Military looking at alternative funding sources — DHQ
Meanwhile, the Defence Headquarters has said that to tackle the imbalance in the budgetary allocations for the military, the armed forces have been looking for and moving towards alternative sources of funding.
The Acting Director, Defence Information, Col Onyema Nwachukwu, said the military had begun to produce “armoured carriers, and ships locally.”
In an interview with our correspondent on Friday, he said, “If you look at the 2020 budgetary allocations, about N100bn is what is allocated to defence. And when you talk about recurrent and capital expenditure, you find out that the recurrent is quite higher than the capital.

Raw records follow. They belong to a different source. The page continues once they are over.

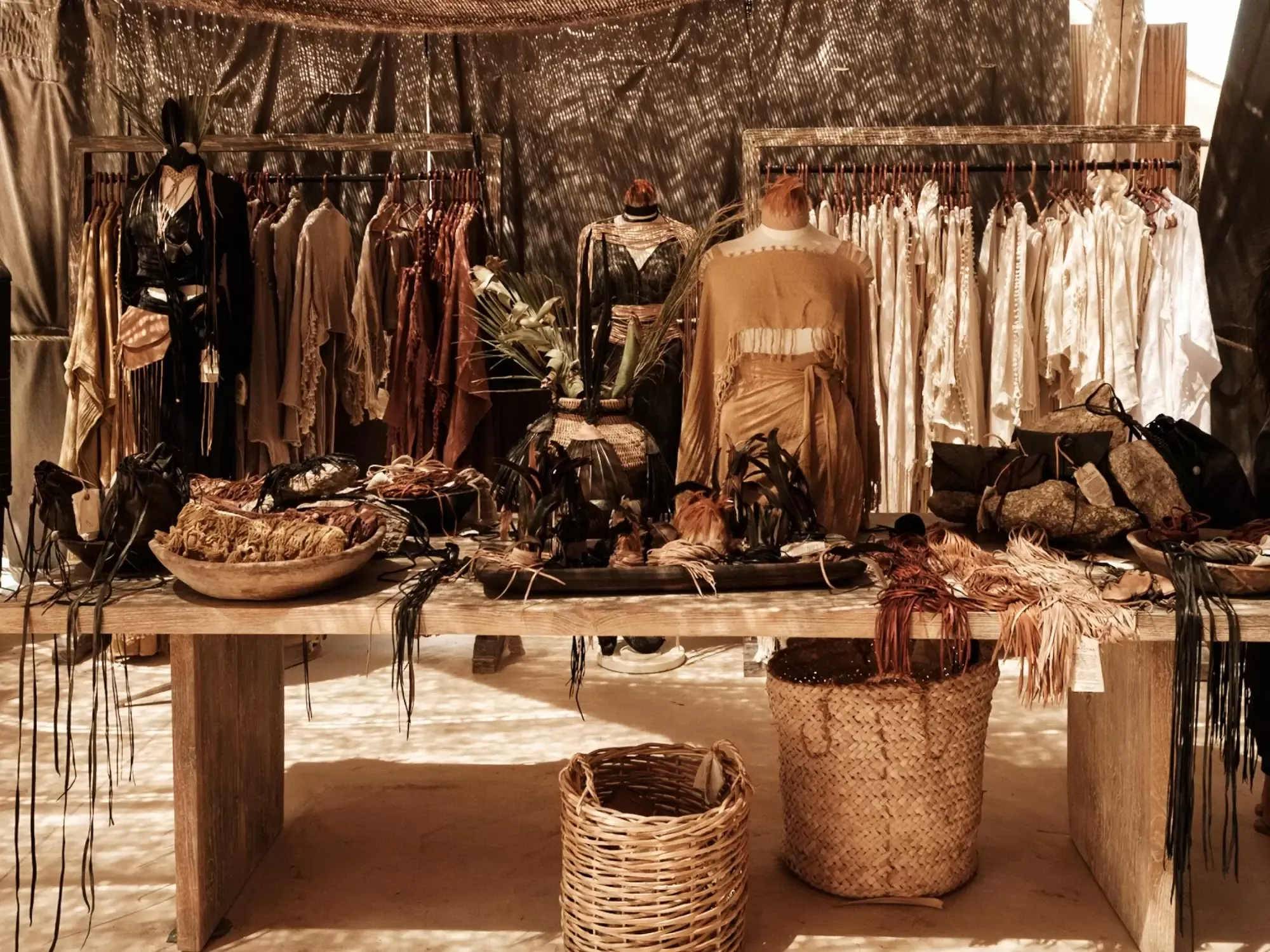 Caravana, Mexico — Earthy textile display with natural linen clothing, woven baskets, dried botanicals, and handcrafted accessories arranged on wooden tables under mesh canopy.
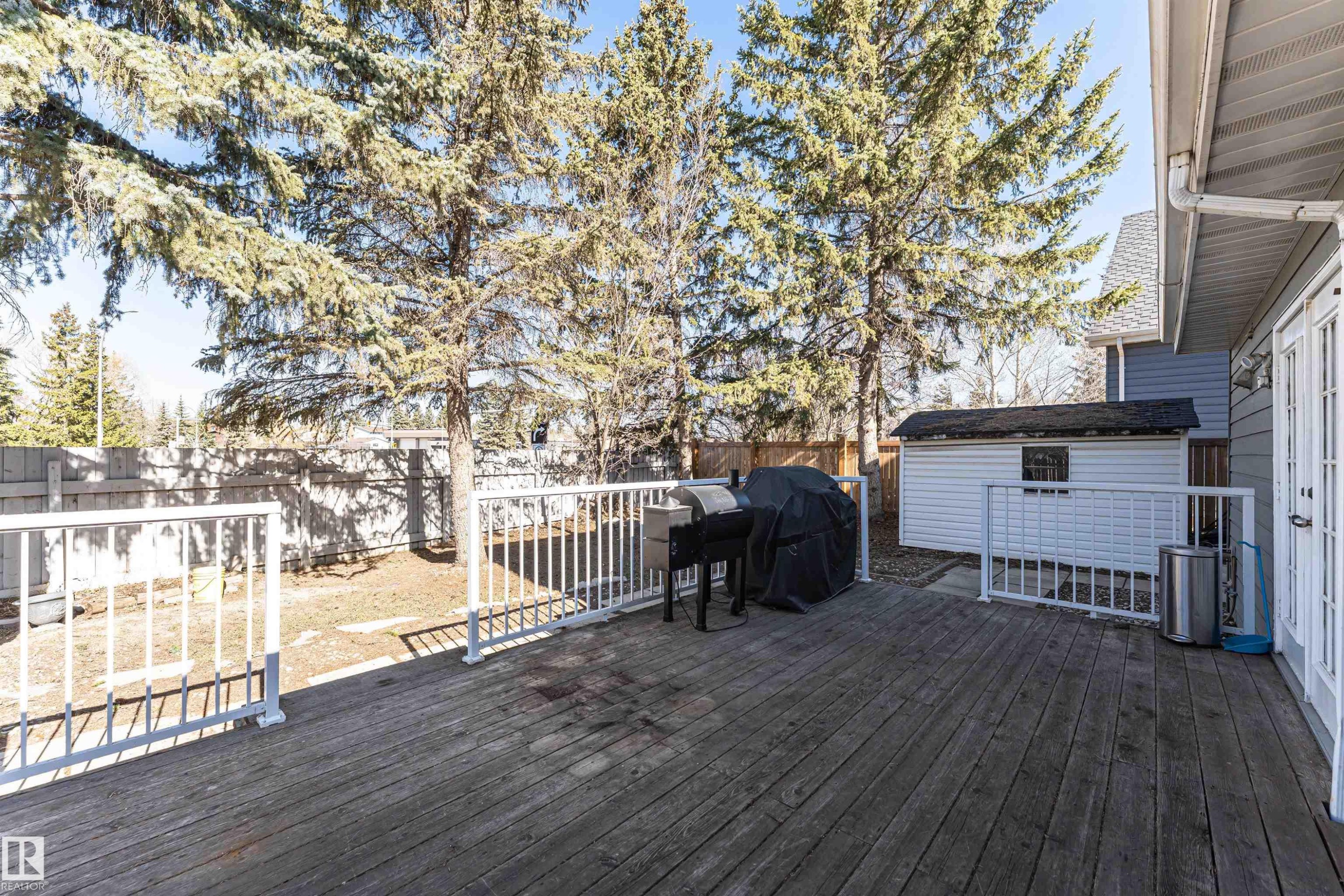 Spacious wood deck with white railings and French doors opening to the exterior - 6016 177 Street Nw, Edmonton, AB - Outdoor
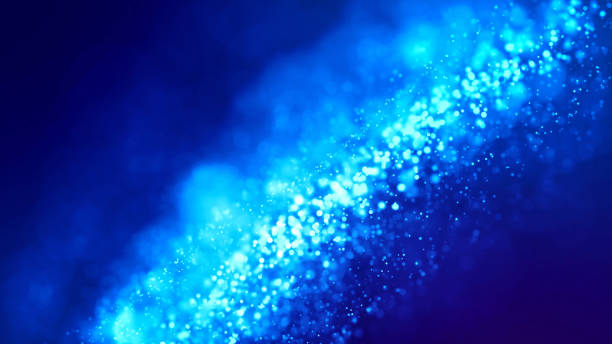 istock Microcosm. Glow blue particles on blue background are hanging in air for bright festive presentation with depth of field and light bokeh effects. Version 21 1159188657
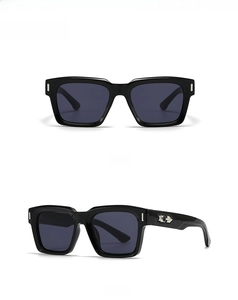 Front and 45-degree side views of classic black square sunglasses with metal rivets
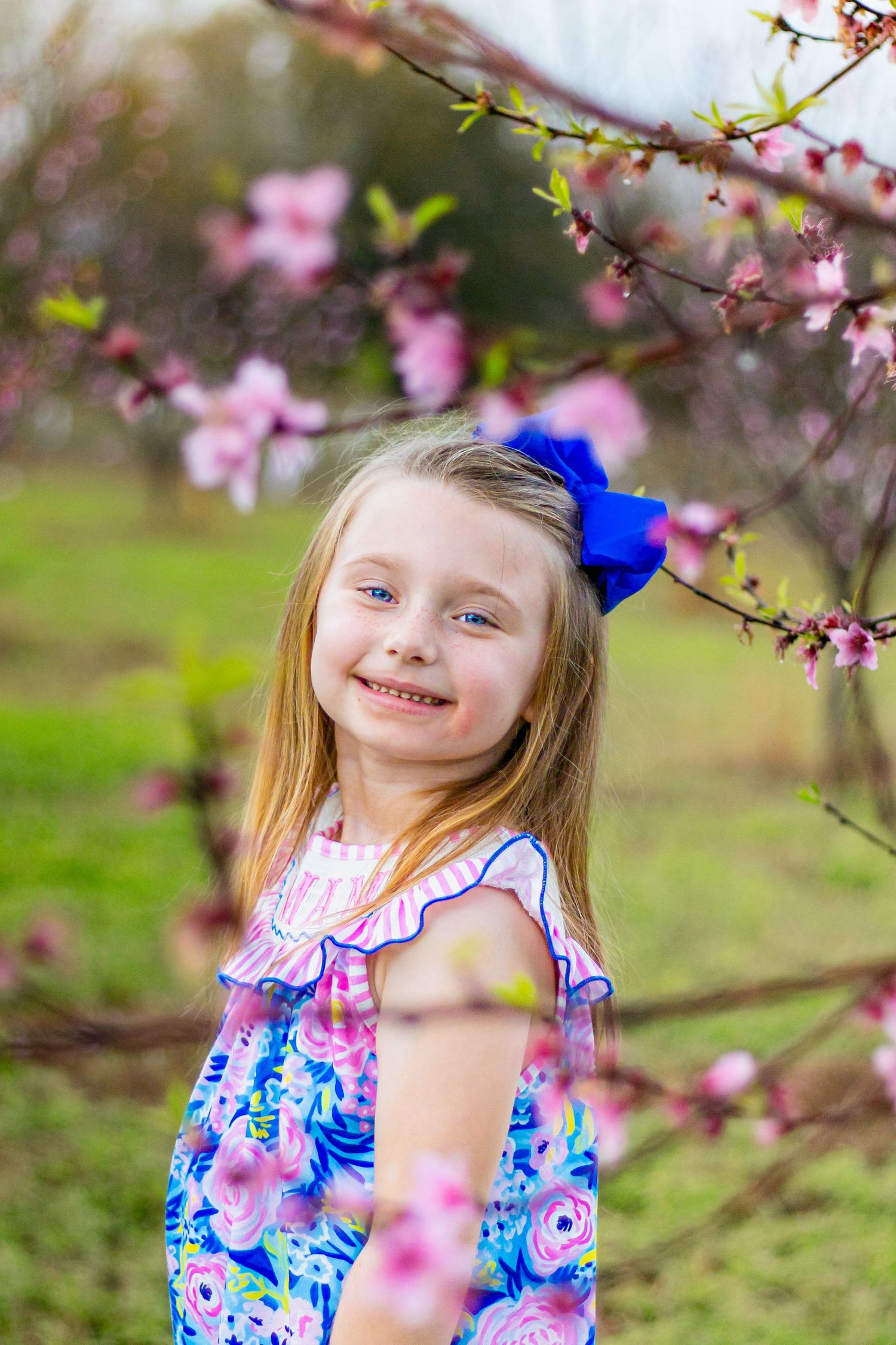Smiling blonde girl with blue bow in hair wearing floral dress stands among pink cherry blossom branches outdoors.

“The idea is that from the outset, we have always talked about seeking alternative sources of funding for the military. We are working in this regard. The Nigerian military is evolving, considering the various contemporary security challenges, which are of course a global phenomenon. There are various theatres of operation around the country and the military has been very innovative despite the budgetary allocations.
Also, Force spokesperson, DCP Frank Mba, in his response to the lopsided budget estimate said, “I’m sorry, I may not be able to respond to this enquiry now. I can only give you an appropriate response after due consultation with the Budget Department. I will do that and revert to you as soon as possible, please.”